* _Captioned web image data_
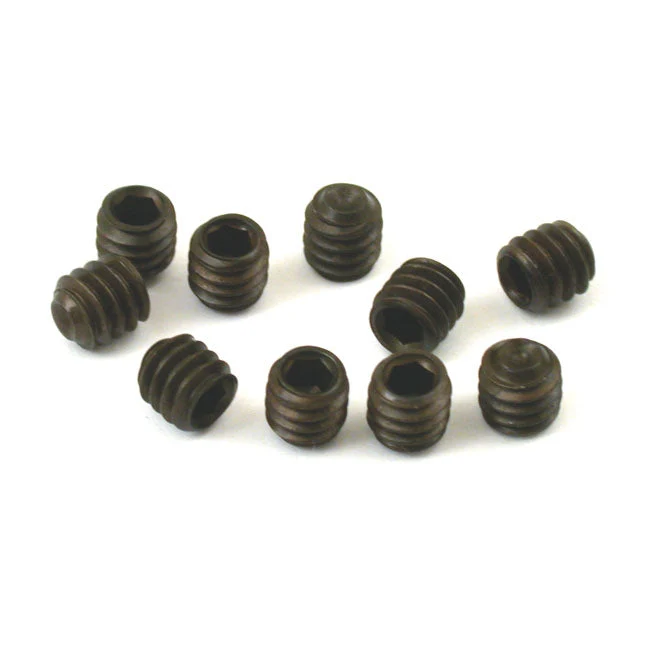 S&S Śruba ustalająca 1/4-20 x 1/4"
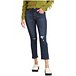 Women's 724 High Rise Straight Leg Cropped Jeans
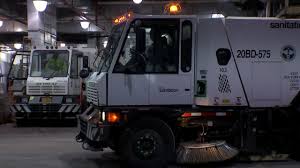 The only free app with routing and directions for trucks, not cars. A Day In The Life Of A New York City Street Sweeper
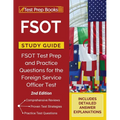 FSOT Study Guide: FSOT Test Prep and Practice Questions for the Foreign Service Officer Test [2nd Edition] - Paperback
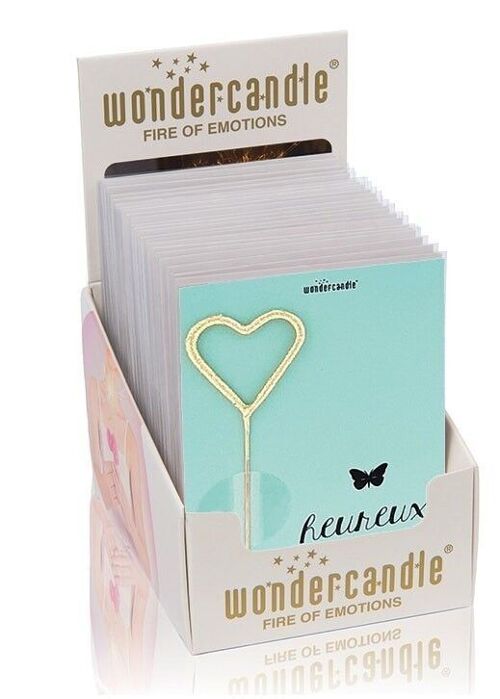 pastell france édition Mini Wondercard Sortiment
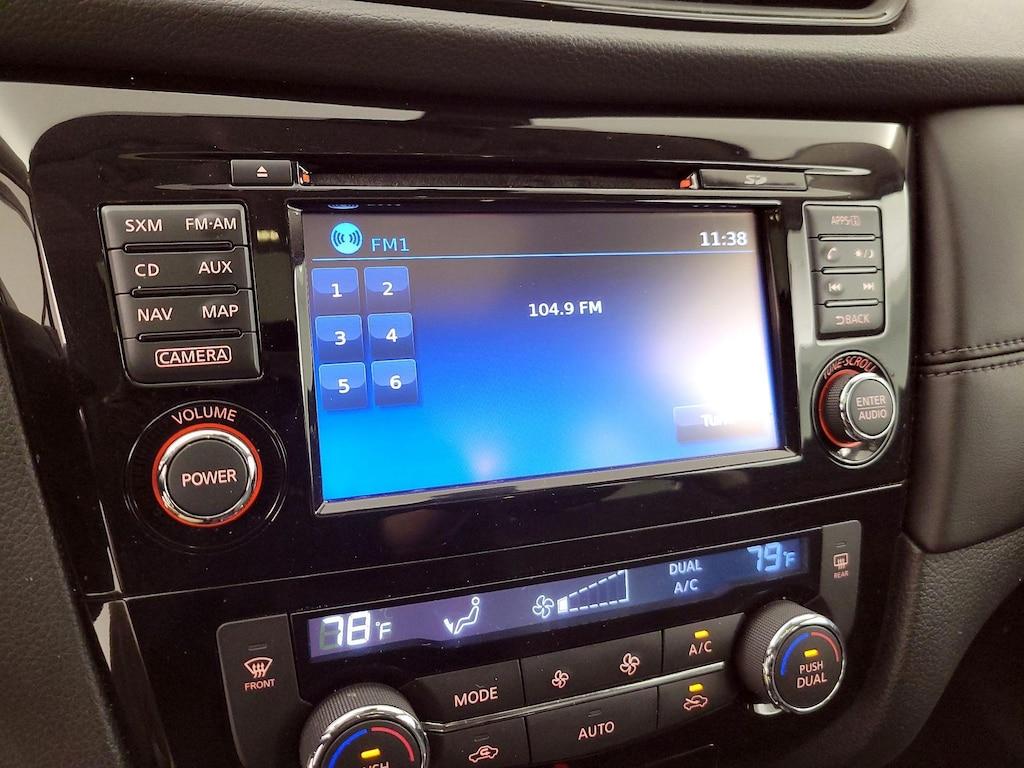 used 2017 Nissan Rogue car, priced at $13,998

* _Task_
Nothing but an exact copy is asked for: the lines from the start of the records through the line with "The only free", both ends included, minus any pictures.

* _Response area_
 S&S Śruba ustalająca 1/4-20 x 1/4"
 Women's 724 High Rise Straight Leg Cropped Jeans
 The only free app with routing and directions for trucks, not cars. A Day In The Life Of A New York City Street Sweeper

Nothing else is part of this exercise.